◆ ASSIGNMENT ◆
In the entries below, some lines hold the string "with"; please say how many, giving the number and nothing else.

◆ TASK INPUTS ◆
== Segment start ==

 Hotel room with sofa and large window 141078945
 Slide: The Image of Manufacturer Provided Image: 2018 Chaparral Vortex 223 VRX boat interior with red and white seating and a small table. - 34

== Segment end ==
== Segment start ==

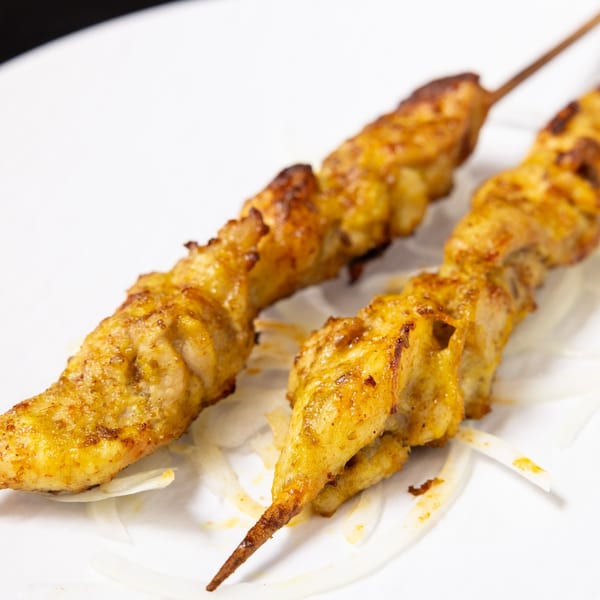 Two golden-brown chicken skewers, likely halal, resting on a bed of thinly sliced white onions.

== Segment end ==

◆ TASK RESULT ◆
2